After he had briefed the Security Council on Friday while speaking to reporters, Annan said that the returning refugees should not be sent to camps in Myanmar, but to their homes, IANS reported.
The current crisis in Myanmar has worsened since the August 25 attacks by the Arakan Rohingya Salvation Army on the Myanmar security. More than half a million civilians have fled their homes and sought safety in Bangladesh following the military operations (happening now) which the United Nations has called ‘a textbook example of ethnic cleansing’.
Although the total number of those displaced is unknown, it is estimated that 94 percent of them are Rohingya, UN report .
Annan urged the Security Council to agree with Myanmar on a roadmap and warned that if safe conditions for returns were not created “the world community would be stuck with a very serious, long-term festering problem.”
Earlier in a statement on September 28, UN Secretary-General Antonio Guterres had called upon the Myanmar authorities to immediately end the military operations while allowing unfettered access to humanitarian support and to ensure the safe, voluntary, dignified and sustainable return of the refugees to their areas of origin.
Guterres appealed to the leaders of Myanmar, including military leaders, to condemn incitement to racial hatred and violence, and take all measures to defuse tensions between communities.
France and Britain are for strong action against Myanmar government, however, have not come up with even a Council Resolution against its military action because the UN missions from China and Russia, being veto powers did not comment on the diplomatic move.
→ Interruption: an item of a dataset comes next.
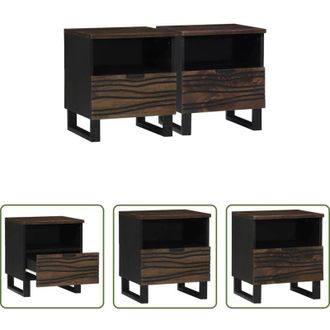 vidaXL vidaXL Cassetto - Armadio da Notte con cassetto 2 pcs Noce 40 x 33 x 46 cm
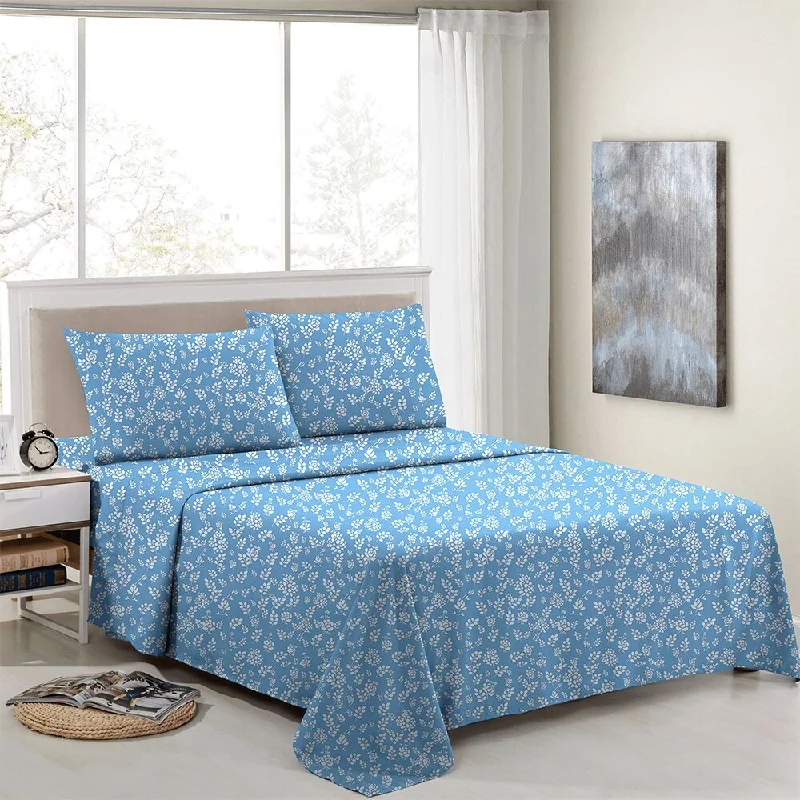 Queen - Size Sheet Sets with a European Pillowcase SetFloral Sheets 4 Piece Egyptian Comfort 1800 Series Twin Blue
Permanent Representatives of France and Britain in the Security Council, Francois Delattre and Matthew Rycroft respectively have called on the members of the Council for acting against the ongoing military action on the Rohingya and urged for creating conditions for their return.
Revision of the Myanmar citizenship legislation in the line of international standards was also considered by UN. The current legislation doesn’t grant full nationality to the Muslims of Rakhine state.
It has been reported that Myanmar’s military on Friday said it had launched an internal probe into troop responses to August’s insurgency by the Rohingya militia, but insisted the sweep had been justified under Myanmar’s Buddhist-majority constitution.